This has been a problem for scientists for decades; they have bent themselves backwards to solve this problem as it necessitates a conscious observer. Terrile explains that the simple solution is that we would need someone watching everything, such as a player of any video game.
But Tegmark refuses this hypothesis and says it doesn’t make any sense. He says there are numerous unsolved problems in physics, but we cannot blame our failure to solve them on Simulation Theory.
How can we test the hypothesis? Artificial intelligence researchers and neuroscientists can test if the human mind can be simulated. So far, it’s become possible for machines to play Chess and Go and put captions on images. But the question remains, can a machine be developed far enough that it can become conscious? So far, we do not have any answers.
Another option is that scientists can look for hallmarks of Simulation. Let us suppose, as Tegmark said, that if someone is simulating our universe, they would want to cut corners to make the Simulation cheaper to operate. The evidence of that could be seen in an experiment.

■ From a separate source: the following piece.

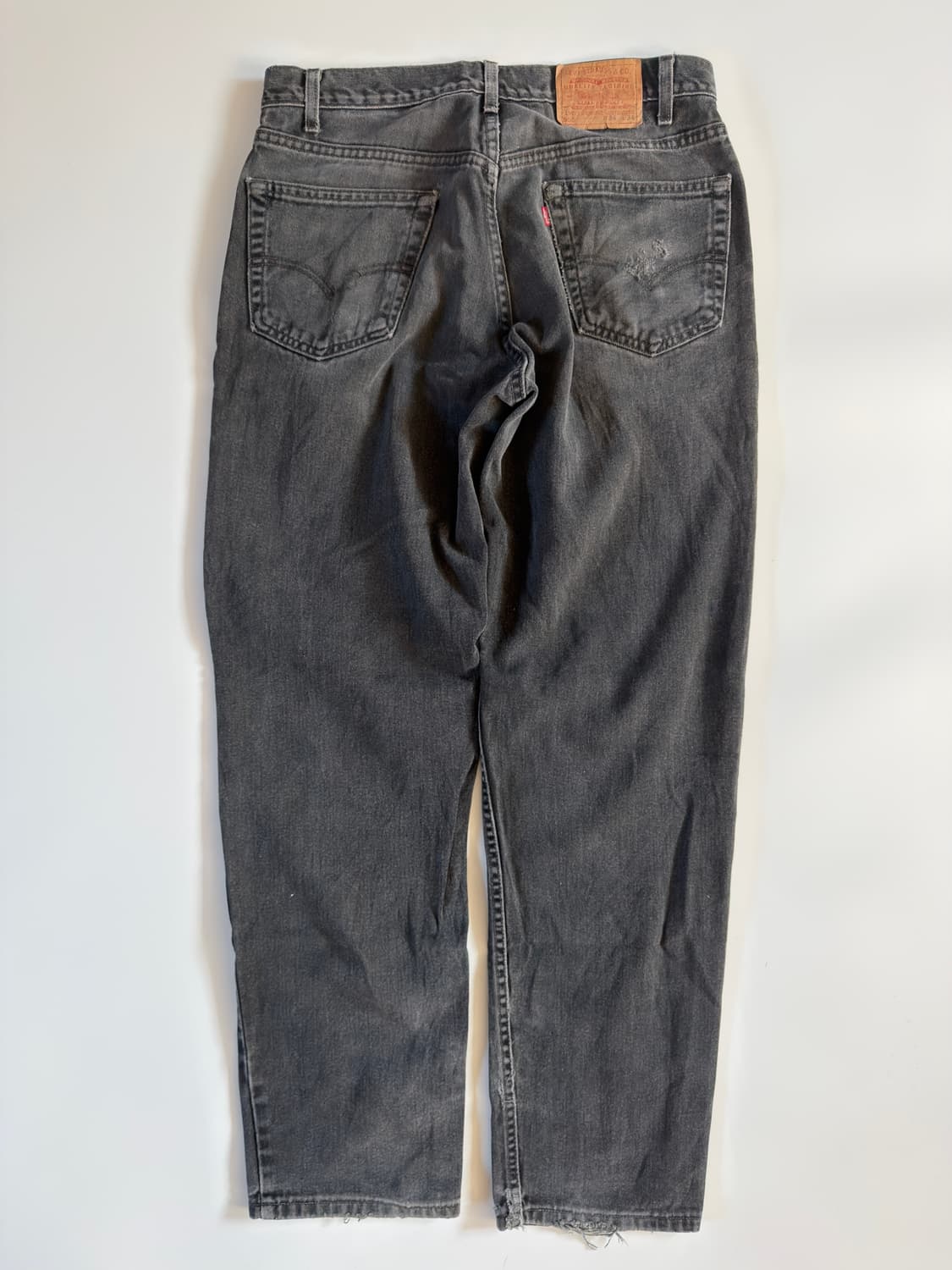 90s levi’s 550 빈티지 리바이스 34인치 상품이미지6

Terille sees beautiful and intense consequences of Simulation Creationism. He suggests that it provides a vision of the afterlife within the domain of science. And he says you would not need any faith, miracle, or anything spectacular to believe it, as it naturally emerges from the laws of physics.
He also remarks that it implies that we would have the same ability to create our own Simulations soon. We would have such power over mind and matter that we could make whatever we wanted and occupy those worlds. Of course, there are theists who believe this Simulation Theory is actually Simulation Creationism — the world is not being run on a computer program but by an almighty God.